This article is about the use of carbon offsets and carbon credits for countries, corporations, and, in some cases, individuals. For more information on carbon credits for individuals, see personal carbon trading.
Carbon offsetting is a carbon trading mechanism that enables entities to compensate for offset greenhouse gas emissions by investing in projects that reduce, avoid, or remove emissions elsewhere. When an entity invests in a carbon offsetting program, it receives carbon credit or offset credit, which account for the net climate benefits that one entity brings to another. After certification by a government or independent certification body, credits can be traded between entities. One carbon credit represents a reduction, avoidance or removal of one metric tonne of carbon dioxide or its carbon dioxide-equivalent (CO2e).

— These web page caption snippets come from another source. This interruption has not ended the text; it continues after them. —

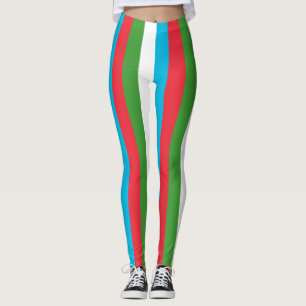 Azerbaijan National Flag Colors Vertical Striped Leggings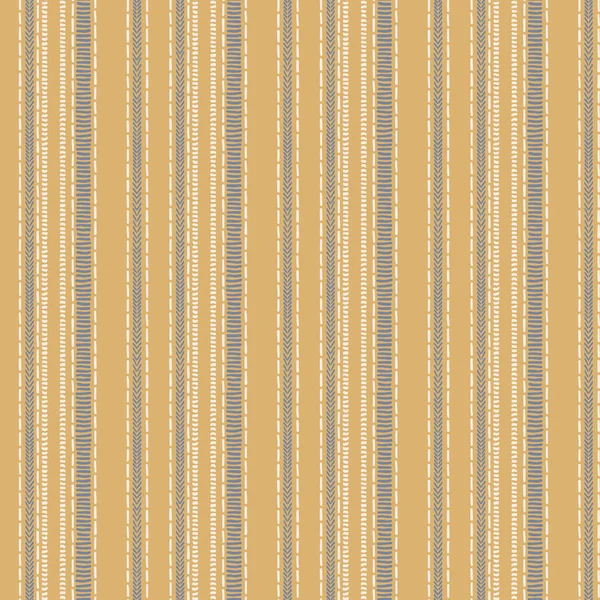 Sem costura francês país cozinha stripe tecido padrão de impressão. Fundo listrado vertical branco amarelo. Batik tintura provence estilo rústico tecido cottagecore têxtil. — Vetor de Stock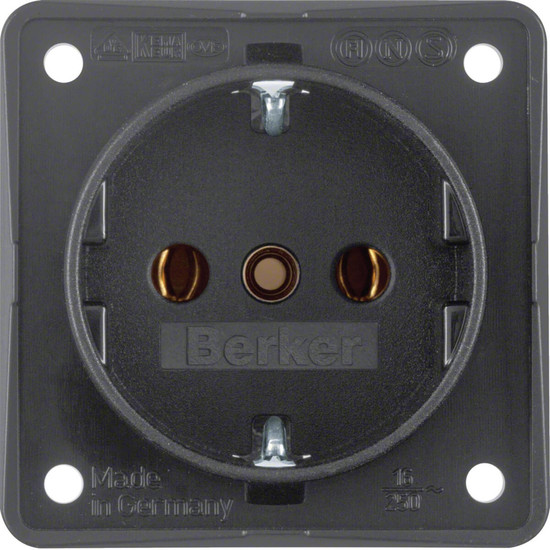 Berker 941852505 Steckdose Schuko. mit Schraubklemmen. Integro Modul-Einsätze. anthrazit m.
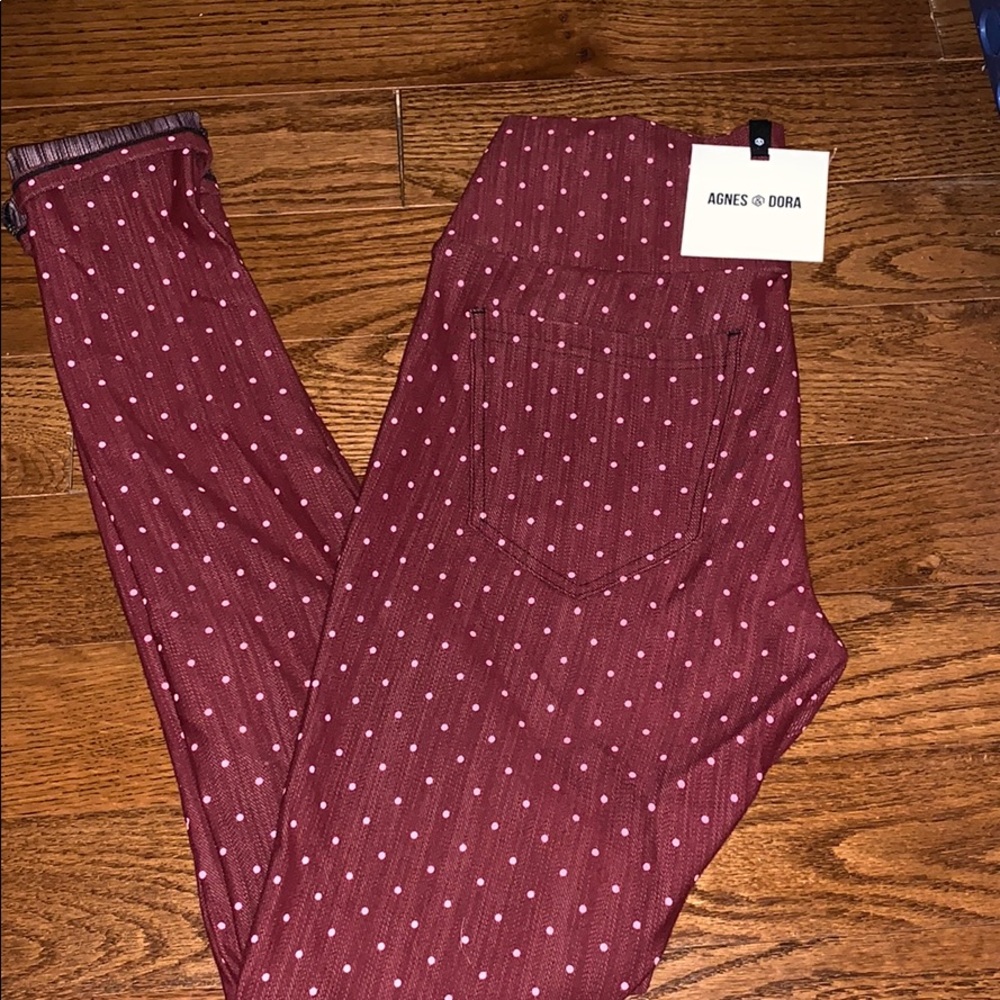 Agnes & Dora Knit Jegging Pin Dot Black Cherry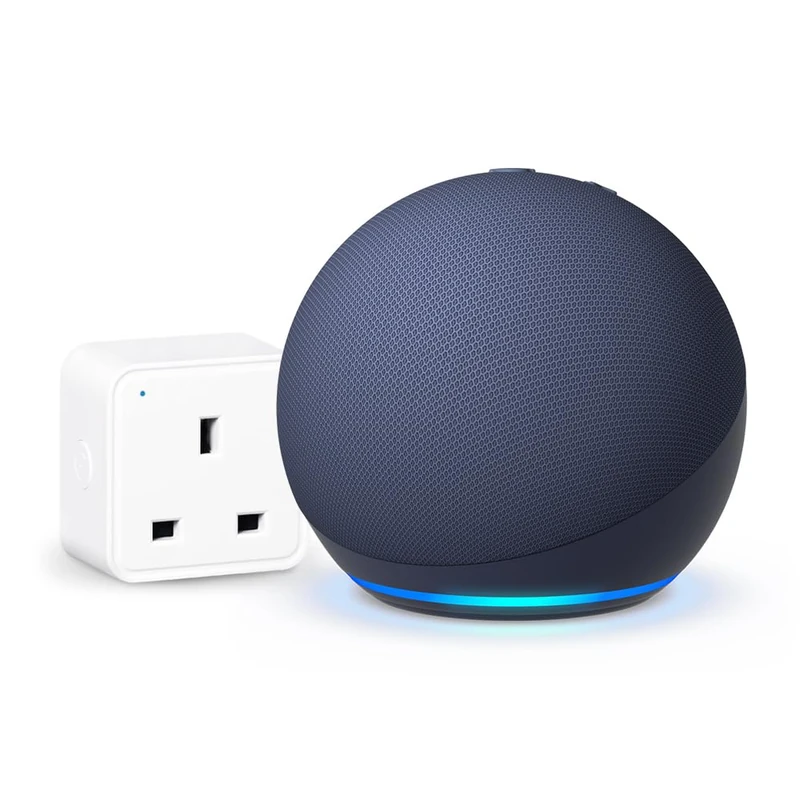 Echo Dot (5th generation) | Deep Sea Blue + WiZ Smart Plug, Works with Alexa - Smart Home Starter Kit, with Alexa+ Early Access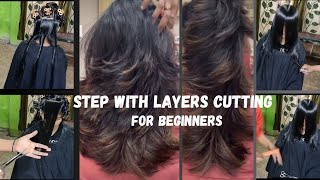 STEP WITH LAYERS CUTTING TUTORIAL FOR BIGINNERS Layer cut for medium hairStep cut [upl. by Bora]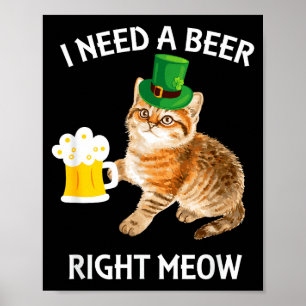 Póster Gato divertido de cerveza irlandesa bebiendo en el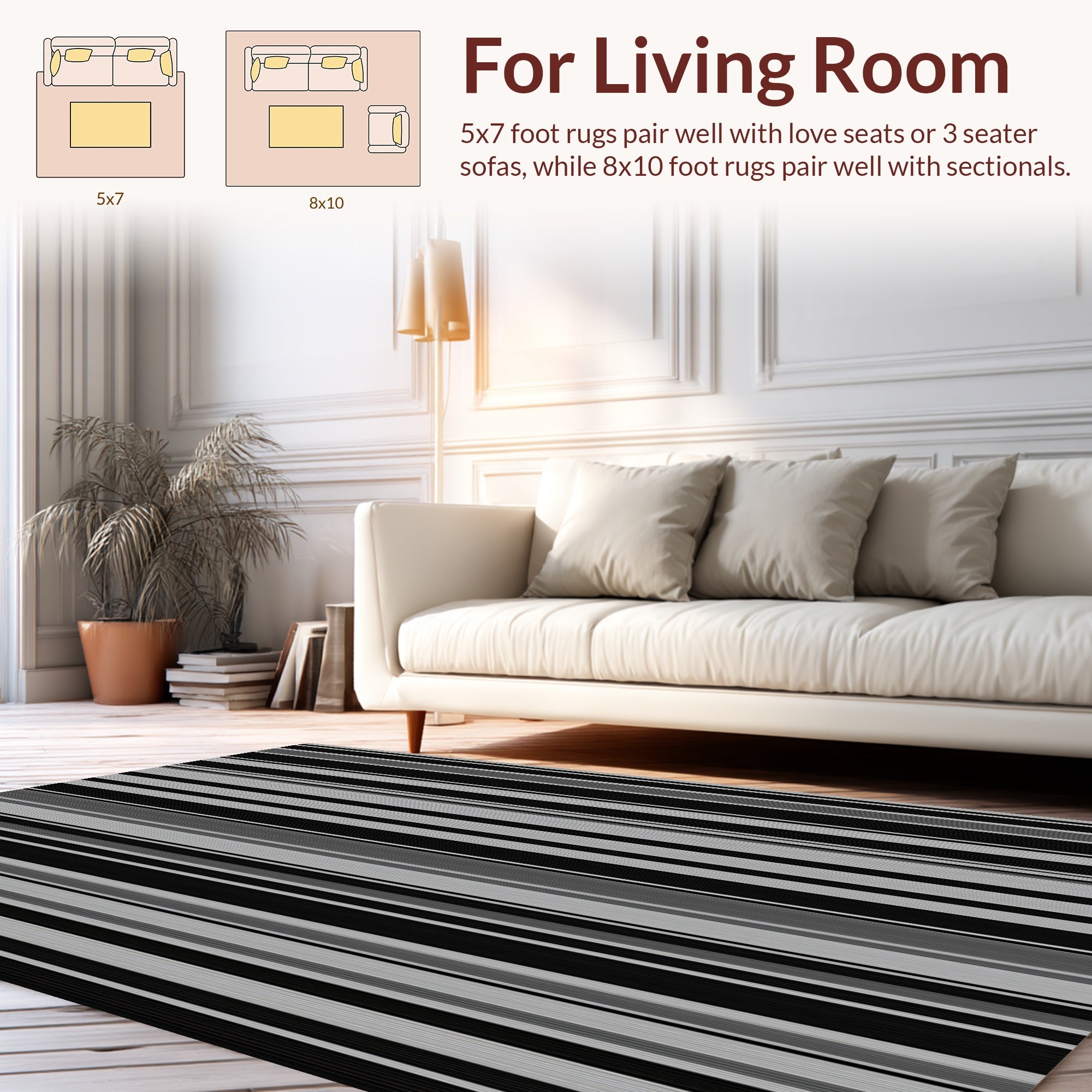 Monochromatic Vertical Stripe Pattern Rug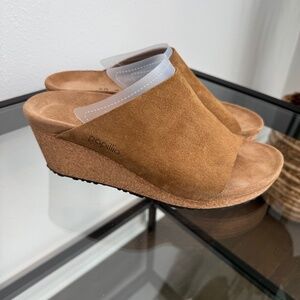 PAPILLIO Birkenstock Tan Suede Wedge Mule Slides Size L9/M7 EU40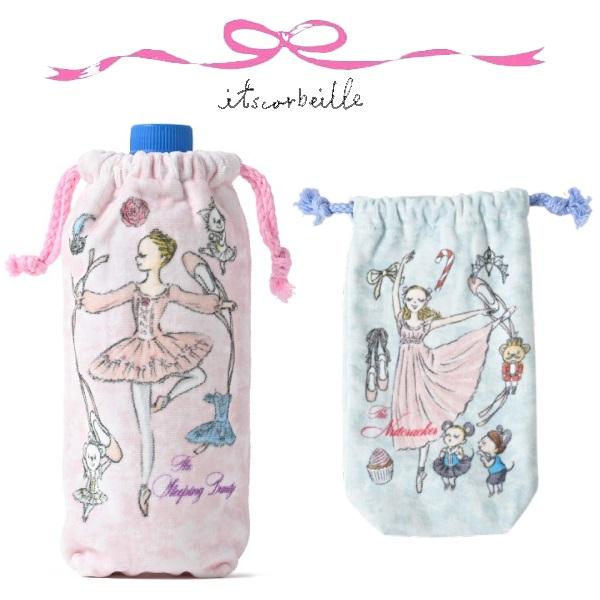 バレエシューズやトウシューズ収納にぴったりなメッシュの巾着袋です☆【itscorbeille★イツコルベイユ】かわぐちいつこ氏が描くバレエ画は、バレエの素晴らしさと、イラストの可愛さを調和させた エレガントで夢のある世界！子供も大人も共感で...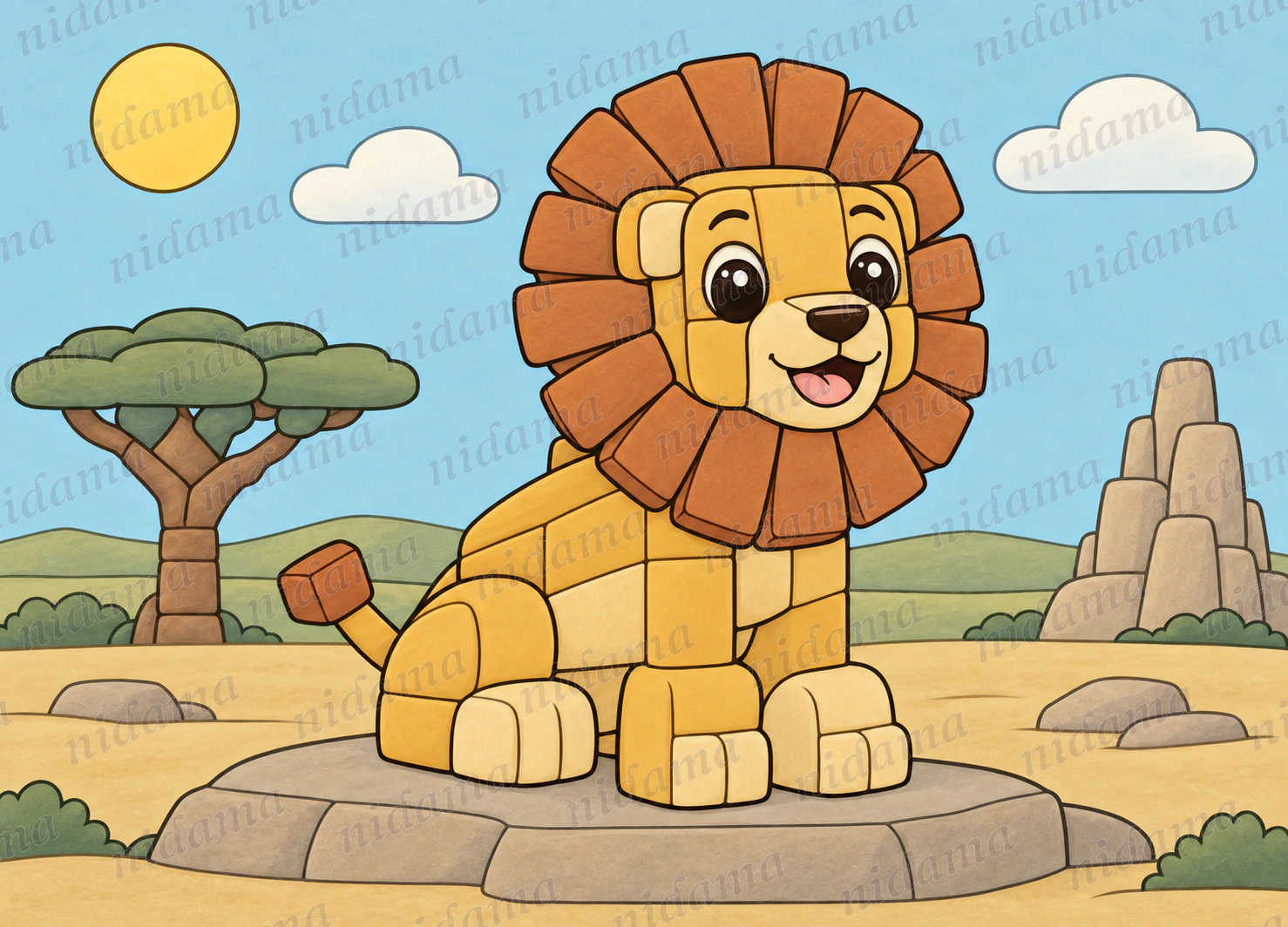 A geometric lion beside a savanna tree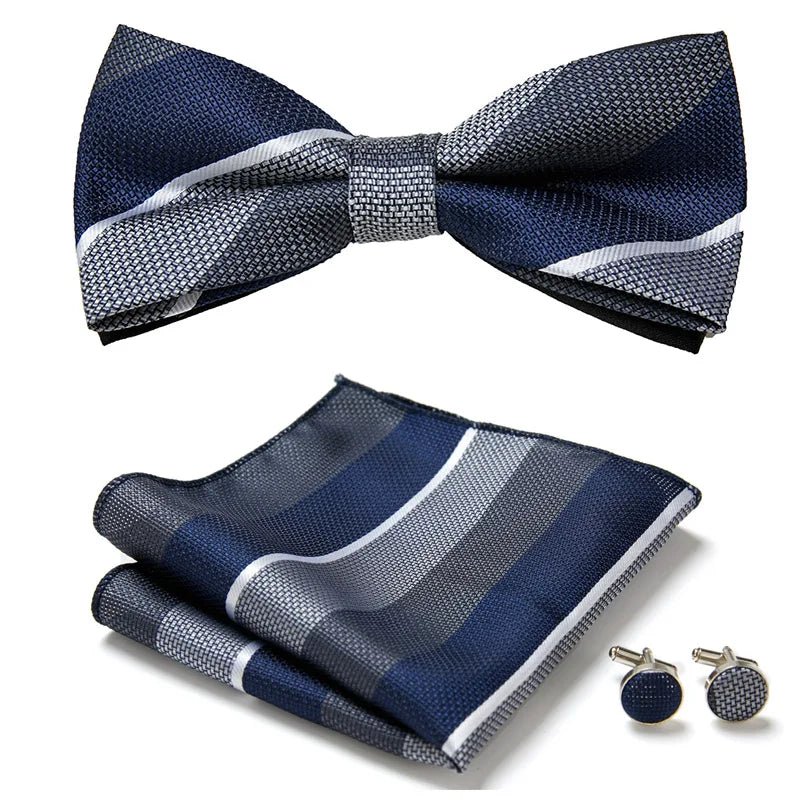 Slim Tie Set Men Bow Tie And Pocket Square Bowtie Necktie Cravate Handkerchief Man Corbatas Hombre Pajarita Fit Wedding - Luzilly Bridal & Apparel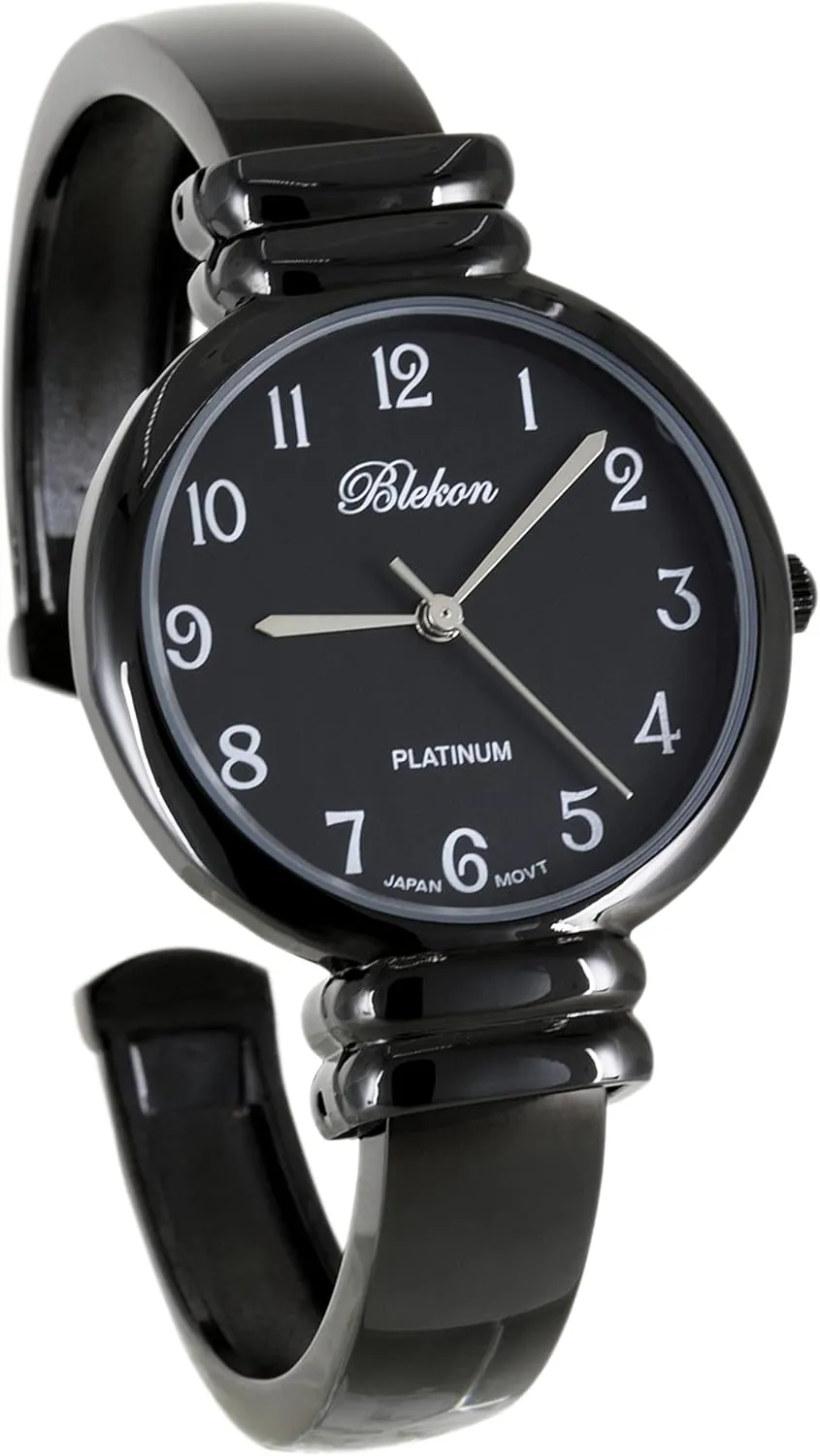 Bangle Style Cuff Wrist Watch for Ladies?? Blekon Original Mother of Pearl Cuff Bracelet loder cyanide primatology Watch for Women with 31mm case Japanese Quartz Movement Metal hinged 
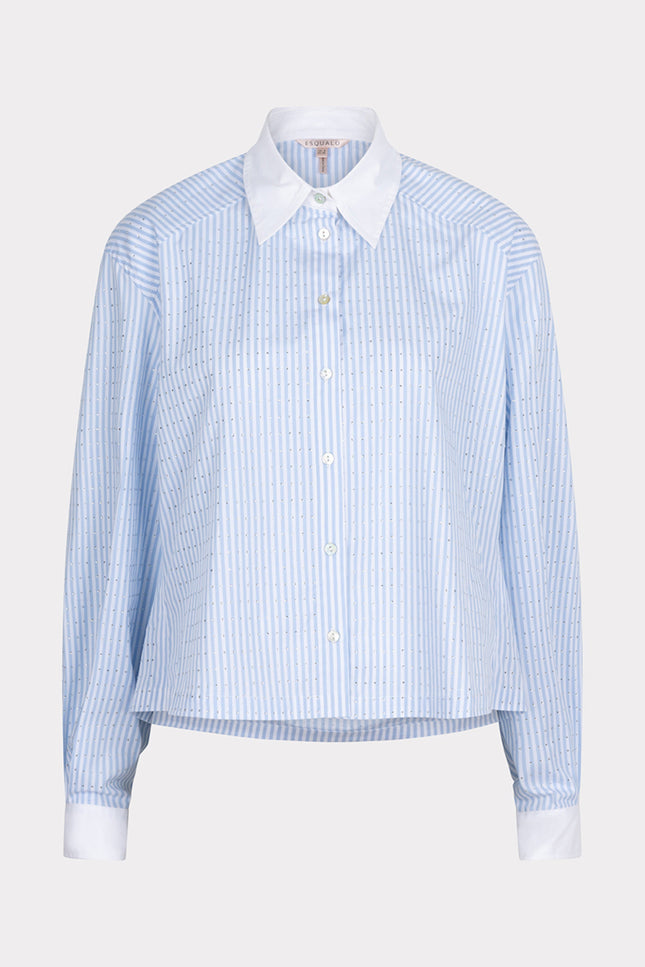 EsQualo Blouse Rhinestones Striped Blue White SP25.10032 Stretchshop.nl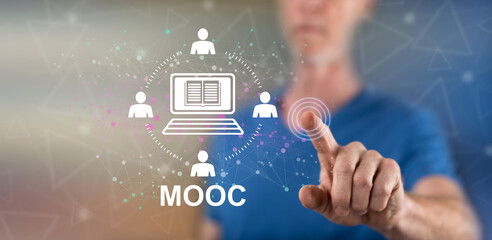 Poster - Man touching a mooc concept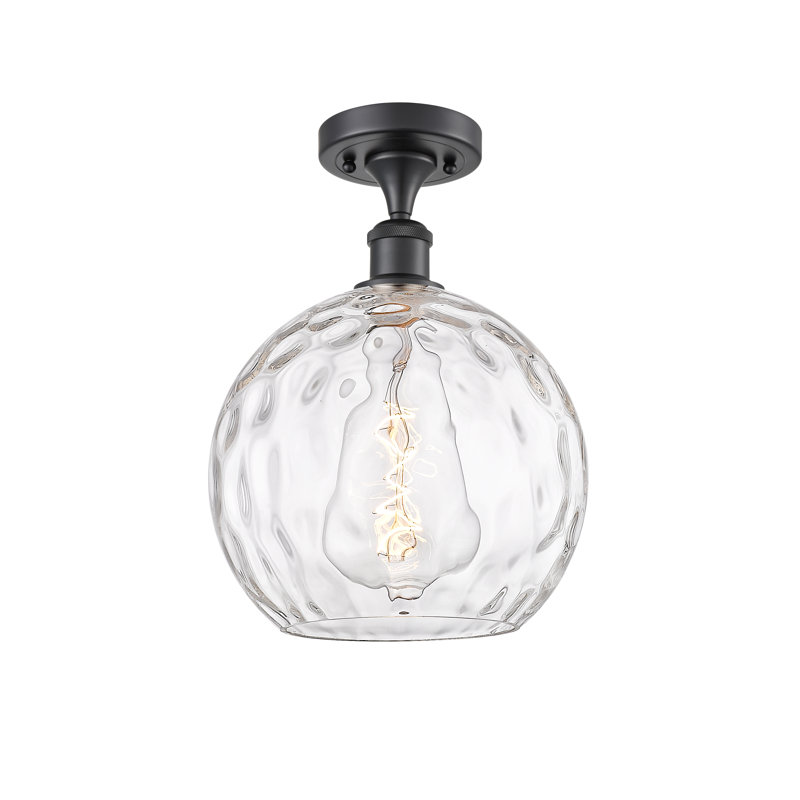 Plafonnier semi-encastré 1 lumière 8 po Cindi, H 15 po x l 10 po x P 10 po, Ampoule non incluse, Noir mat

Carbon offset and credit programs provide a mechanism for countries to meet their Nationally Determined Contributions (NDC) commitments to achieve the goals of the Paris Agreement.[7]Article 6 of the Paris Agreement includes three mechanisms for "voluntary cooperation" between countries towards climate goals, including carbon markets. Article 6.2 enabled countries to directly trade carbon credits and units of renewable power with each other. Article 6.4 established a new international carbon market allowing countries or companies to use carbon credits generated in other countries to help meet their climate targets.
Carbon offset and credit programs are coming under increased scrutiny because their claimed emissions reductions may be inflated compared to the actual reductions achieved.[8][9][10] To be credible, the reduction in emissions must meet three criteria: they must last indefinitely, be additional to emission reductions that were going to happen anyway, and must be measured, monitored and verified by independent third parties to ensure that the amount of reduction promised has in fact been attained.[11][12]